How open source is shaping the home network
Open source already plays a big role in the home network. Most, if not all, home routers and networked devices, including IoT devices, in the home run some form of Linux. Many home routers are based on OpenWRT, an open source operating system based on Linux, but specifically designed for a router. And, Comcast has launched RDK-B as the open source operating system that powers all of its home routers. On the IoT front, Mozilla has open sourced an IoT gateway. So, why might the industry benefit from these projects? Here are a few reasons:
- The reliance on open source versus proprietary firmware allows companies to focus on new and interesting innovations without having to continually reinvent core functionality.
- Open source can lead to more router manufacturers’ opening their router firmware to running third-party applications, which is great for app developers and consumers.
- Open source can lead to more secure and manageable network infrastructure.
- Open source can lead to better interoperability between various devices.

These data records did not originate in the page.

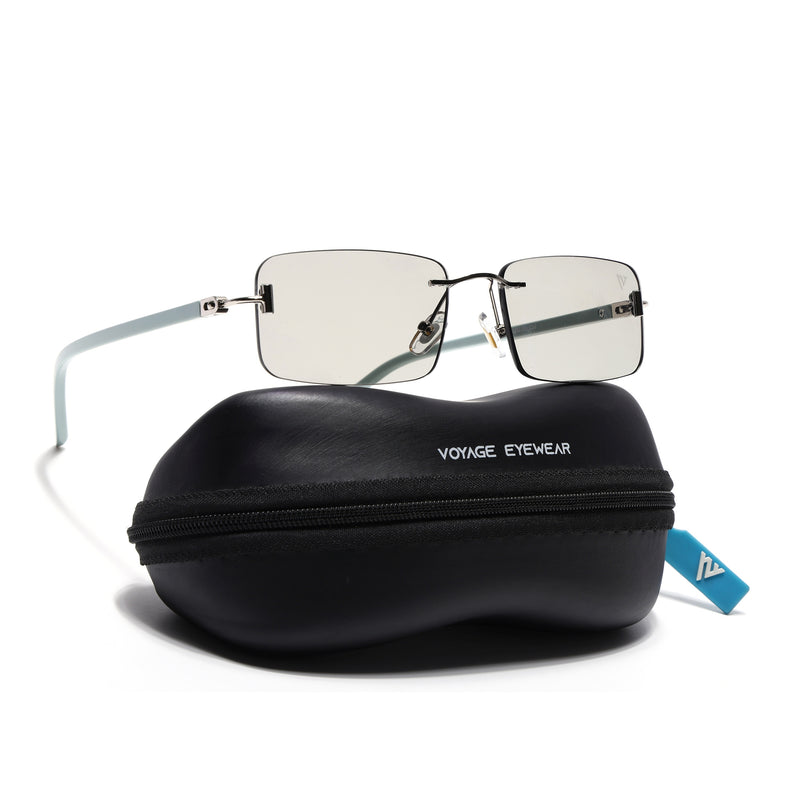 Rimless Sunglasses for Men & Women (Light Black Lens | Silver Frame - MG7380)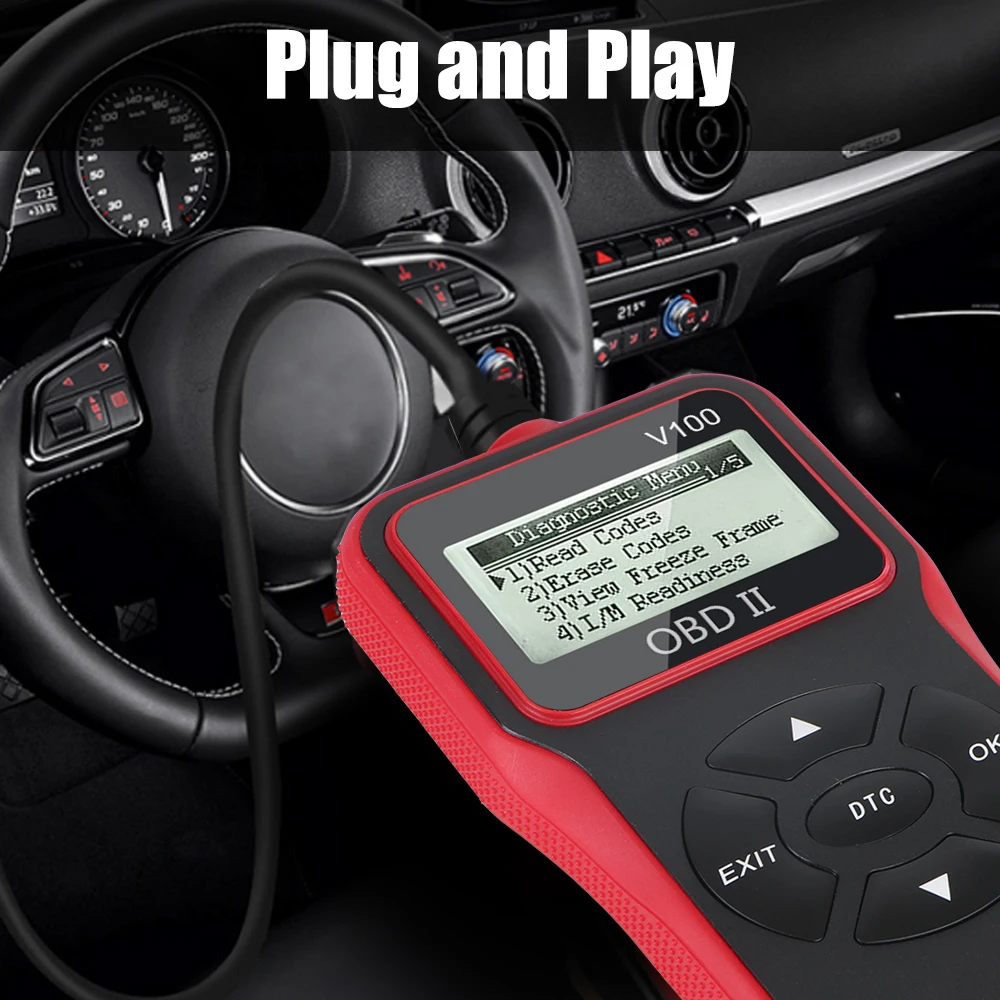 Car Diagnostic Tools OBD2 Code Reader V100 Plug and Play OBD 2 Scanner Digital Display Universal obd2 scanner obd code reader system diagnostic tool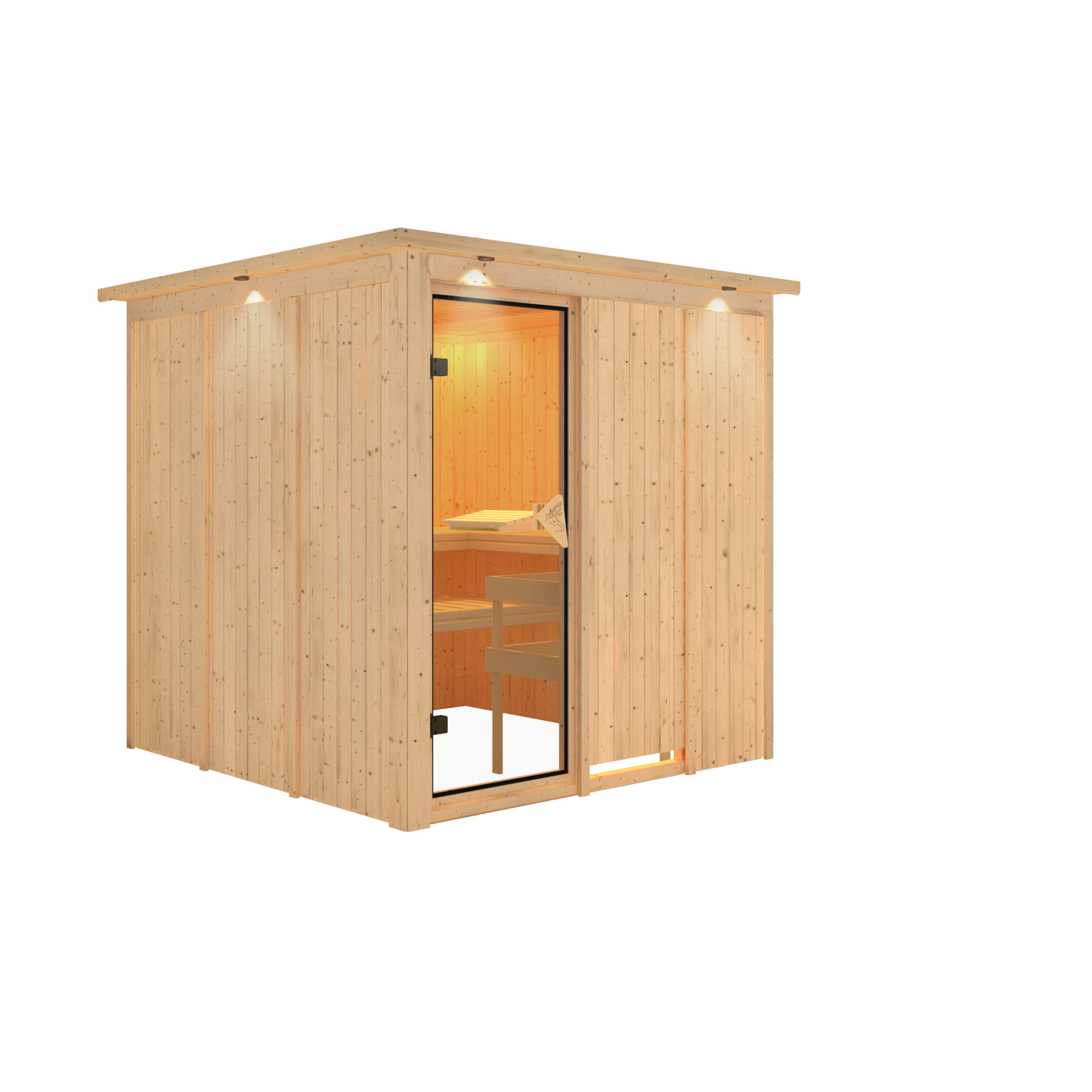 Elementsauna 'Alesia' naturbelassen mit Kranz und bronzierter Tür 210 x 210 x 202 cm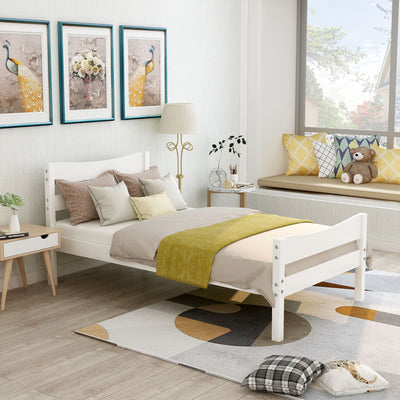 Twin Size Platform Bed With Headboard And Wooden Slat Support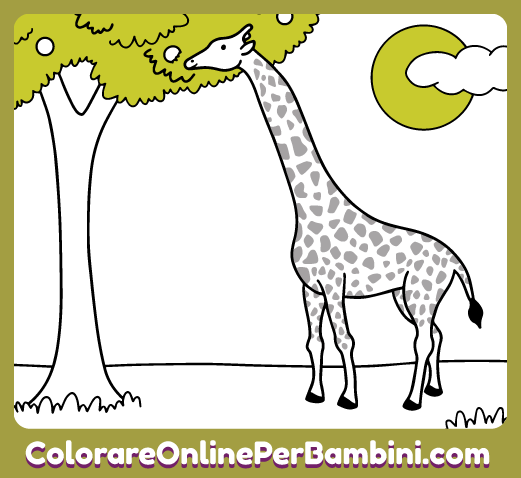 Disegni di animali da colorare e imparare online creati per bambini dai 2 ai 5 anni: Giraffa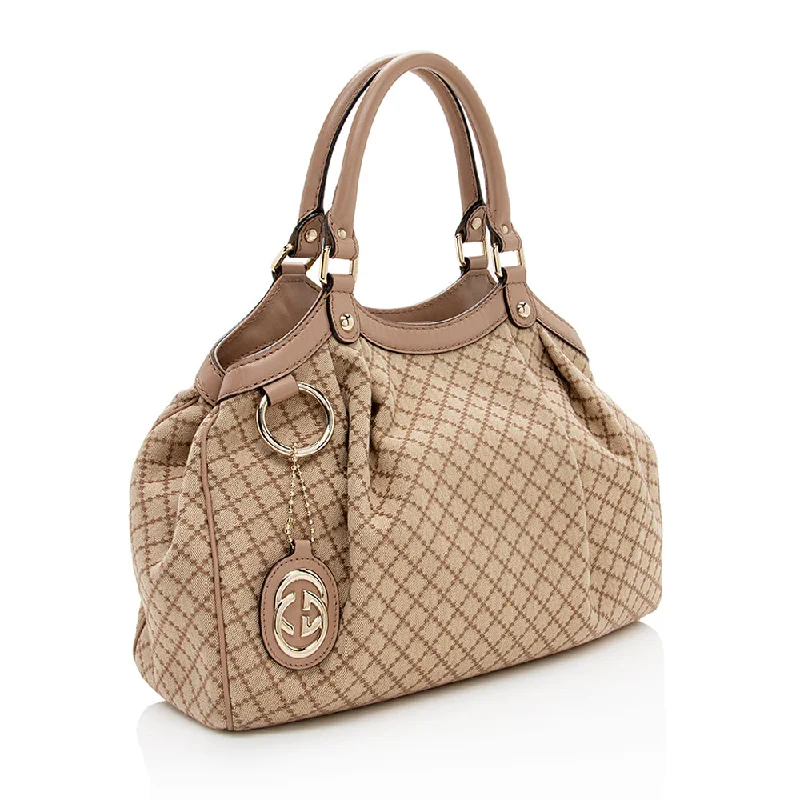 Ladies Gucci handbags with a detachable coin purse insideGucci Diamante Canvas Sukey Medium Tote (16354)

With open source, developers can use API access and underlying code to create valuable applications that use the information and control available on the home router. Take the guest experience as an example: An application could link guest access to your Facebook friends, or limit guest access to when you are home, or limit guest access to certain devices on your network (e.g., your friend should be able to print to your printer but not see all your tax returns on your desktop computer.) Now, consider the video streaming experience: With full home network context, an application could detect when your streaming devices are buffering and adjust the network to make your video watching experience better.
Even though it is theoretically possible for all of these new and innovative applications to be provided by a single company in a monolithic firmware provided by the same company that manufactured your router, it is very unlikely. Very few companies build both hardware and software well. We know from the Android and iOS app stores that it is not possible for a single company to match the level of innovation fostered by an app ecosystem. The OpenWRT community is working on systems to allow third-party applications to securely and safely run on the router. By using this and fostering an app ecosystem, router manufacturers can drive preference for their hardware while delivering more value to their customers through third-party applications.

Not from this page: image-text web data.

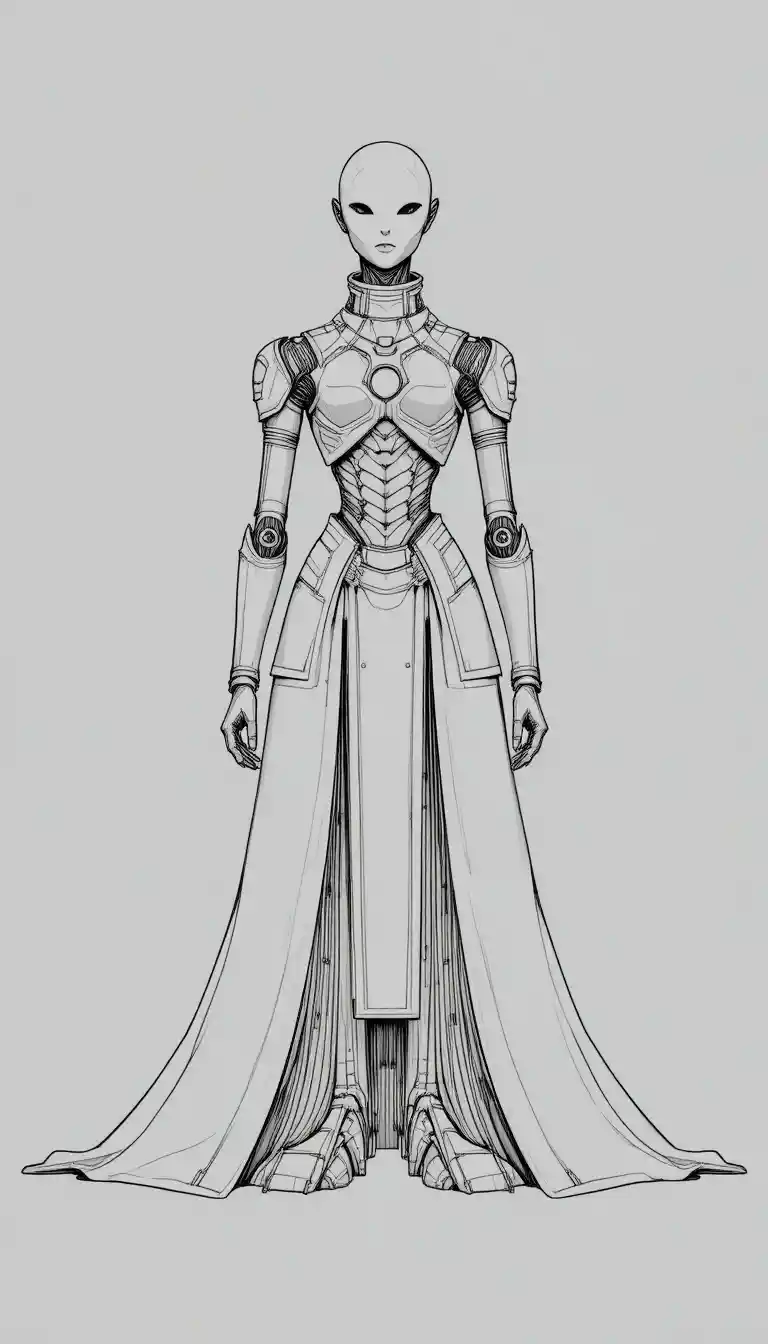Stylized humanoid robot in symmetrical mechanical ceremonial armor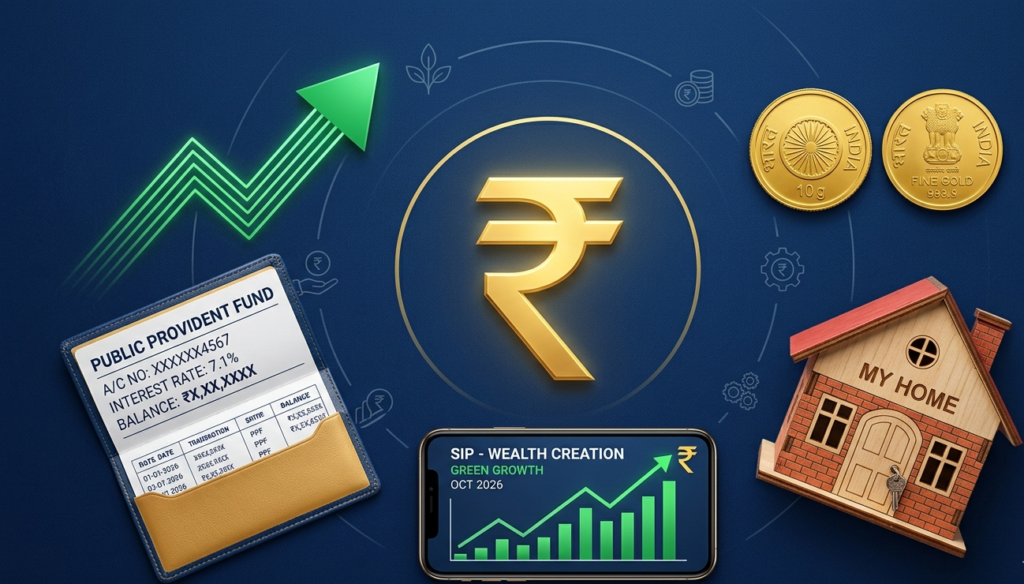 inflation proof investments India 2026 gold real estate equity SIP protect wealth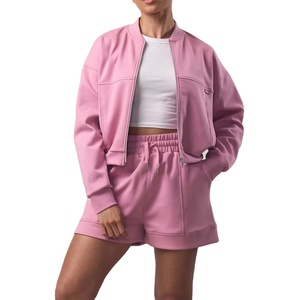 High Quality Dusky <b>Rose</b> Women's Summer Casual 2-Piece Sleeveless Strapless Boxed Jacket & Shorts Set Full-Zip Polyester/Cotton - Product Image 1
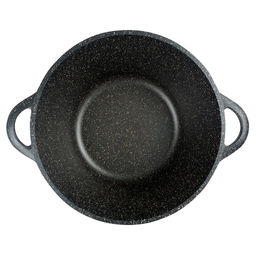 Кастрюля с антипригарным покрытием 7л, д30см Гранит, h14см, s0,4см, литые ручки, стеклянная крышка с пароотводом, подарочная упаковка (Россия) - Домашняя мода фото 3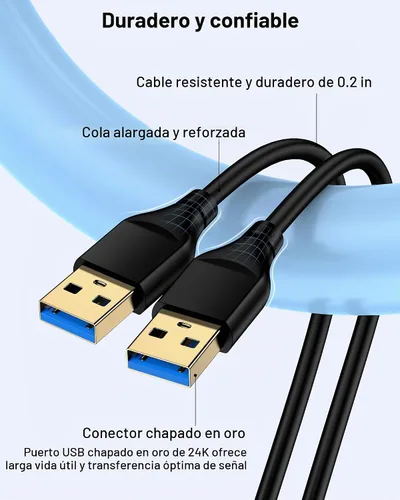 Vista 4 de Cable USB a USB de 6 pies, macho a macho USB A a USB A para discos duros WD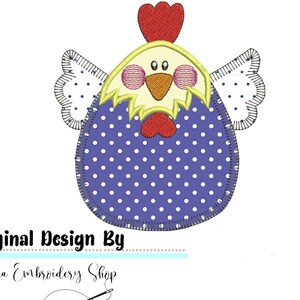 May include: Embroidered design of a purple and white polka dot chicken with a red heart on its chest. The chicken has yellow wings and a yellow beak. The design is titled "Original Design By Donna Embroidery Shop".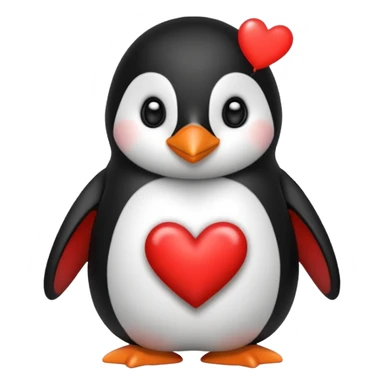 Cute penguin with alots of heart sticker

The home router is uniquely positioned to help consumers adopt and optimize their explosion of connected devices. Today, broadband homes have an average of nine devices on the Wi-Fi network. By 2020, this will be more than 20, including video and music streaming devices, personal assistants like Alexa and Google Home, security cameras, thermostats, smoke detectors, door locks, power plugs and adapters, lights and appliances. (Over 4,400 device makers exhibited at the CES show this year.) As the number of these devices connecting to the home Wi-Fi network increases, the complexity of managing and securing that network increases exponentially: A single device with a poor Wi-Fi signal could impact the performance of other devices on your network. Likewise, a single device downloading a software update from the internet could wreck your movie night or Monday night football. It’s time we grow an ecosystem of home router applications that talk to other elements in the network and make good decisions.